Consumer News

Before You Be Snapping and Chatting, Remember This

Popular app reaches agreement with FTC to make privacy changes.

Consumer News

Before You Be Snapping and Chatting, Remember This

Ah, the promise of having some fun with pictures without worrying that what you sent to a friend or a lover would come back to bite you later in life. Send a photo or a video and it disappears, thus relieving you of the worry that if you ever run for mayor, governor or president, an awkward or embarrassing image of you will show up online. (Can you hear me Anthony Weiner, user of Twitter?)

Such was the promise of Snapchat, a popular app that allows users to designate a period of time (ten seconds or less) that a recipient can view a photo or video message before it would vanish into thin air. Forever.

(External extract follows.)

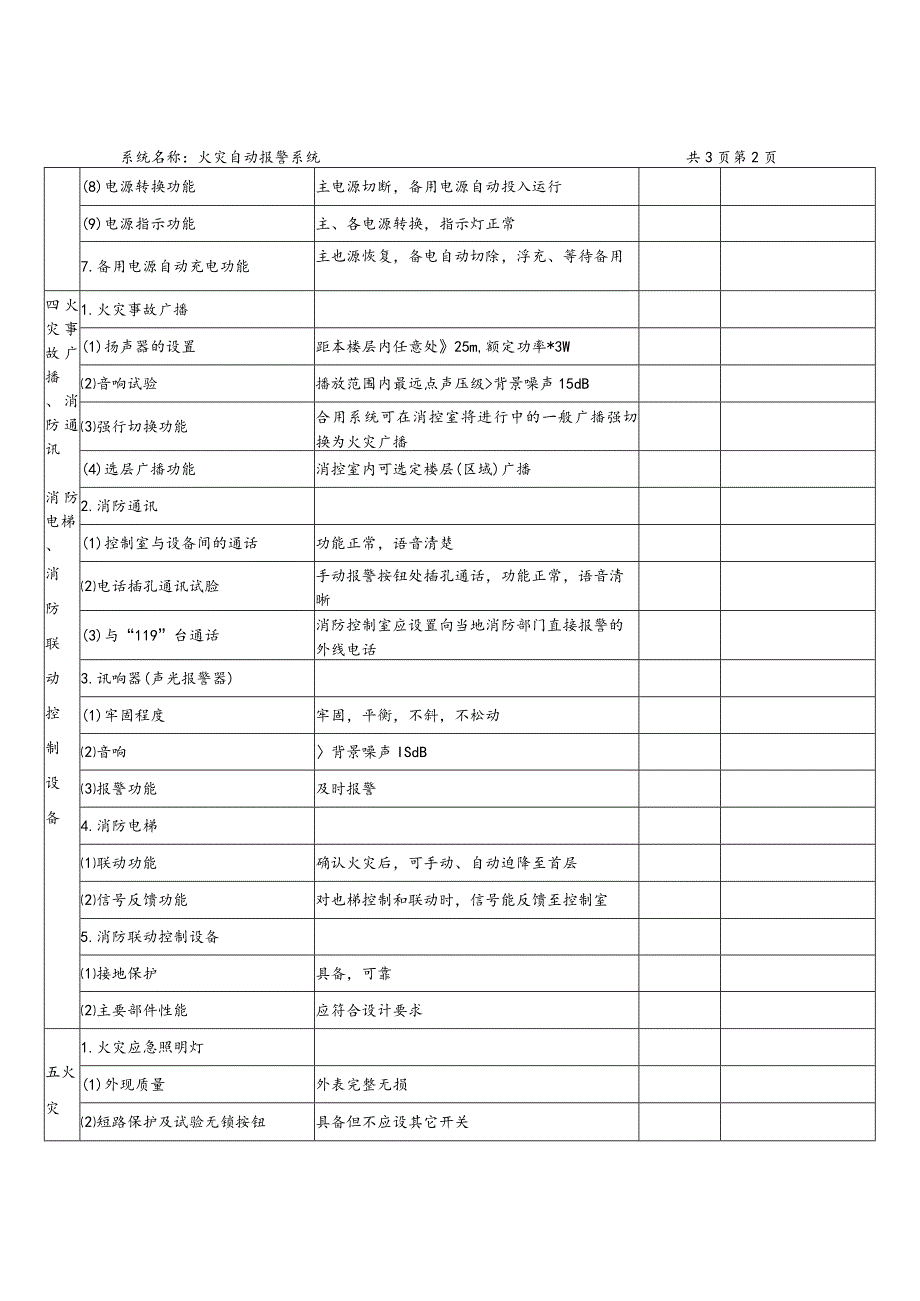 2023《消防设施（火灾自动报警系统）维护保养综合检测记录》.docx_第3页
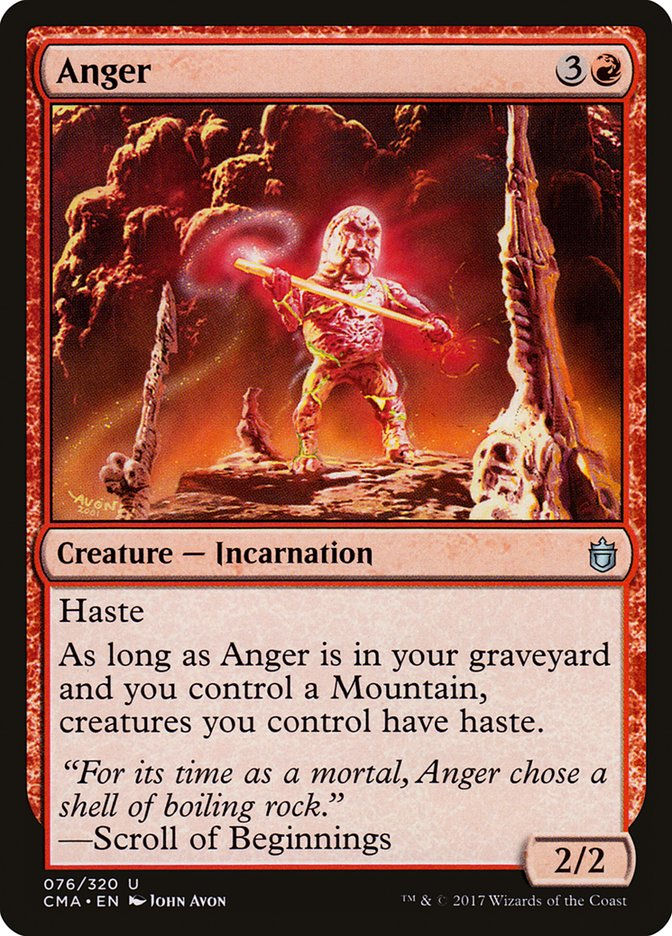 Anger (cma)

People liked the idea; in fact, they loved the idea. Within two years of its mobile app launch, Snapchat users were transmitting more than 350 million snaps daily.

But there was a major problem. The workaround. The FTC, in a complaint against the California-based Snapchat Inc. settled Thursday, said several methods exist by which recipients of Snapchats can save them, allowing them to live on, indefinitely, and possibly come back to bite the sender (when say, the sender is running for mayor, governor or president.)

Snapchat knew about some of these methods, the FTC said. And some are incredibly simple, such as taking a screenshot of the Snapchat message. Snapchat did indeed acknowledge this method, promising it would alert a user if a recipient did this. (The sender would then, apparently, have to ask the receiver to delete it –if they didn’t want the image to come back and bite them when, say, they were running for mayor, governor or president — and hope they did.)

But users could easily circumvent Snapchat’s screenshot detection mechanism. This is because, yes, there was a work around. Receivers – apparently smarter than Snapchat’s programmers would have imaged –could hit their “home” buttons in rapid succession on their mobile devices and save the images without the senders being notified.

Besides that sticky issue of disappearing images that didn’t really disappear forever, Snapchat also made other promises it didn’t keep, including deceiving customers over the amount of personal data it collected and the security measures taken to protect the data, the FTC alleged.

The complaint also alleged that the company:

  • Misleadingly promised that it did not ask for, track or access users’ location specific information when it had in fact integrated an analytics tracking service in the Android version.
  • Collected information (without informing users until September 2012) on all the contacts in a user’s mobile device address book when the user chose to allow Snapchat to “Find Friends.”
  • Promised that it was “dedicated to securing customer data” and “takes reasonable steps to help protect your personal information,” such as verifying that users’ mobile phone numbers were in fact their phone numbers and not someone elses, when it didn’t. In fact, numerous consumers complained that they had sent snaps to accounts under the belief that they were communicating with a friend, when in fact, they were not, resulting in the unintentional disclosure of photos containing personal information. In addition, consumers complained that accounts associated with their phone numbers had been used to send inappropriate or offensive snaps. Also, as a result of security failings, attackers were able to use multiple accounts to send millions of “Find Friends” requests and obtain users’ names and mobile phone numbers.

As part of the settlement, Snapchat agreed to implement a privacy program that will be monitored by an independent privacy expert for the next 20 years.

The takeaway? Snapchats aren’t as ephemeral as users hoped. The only thing that’s really ephemeral these days is online privacy.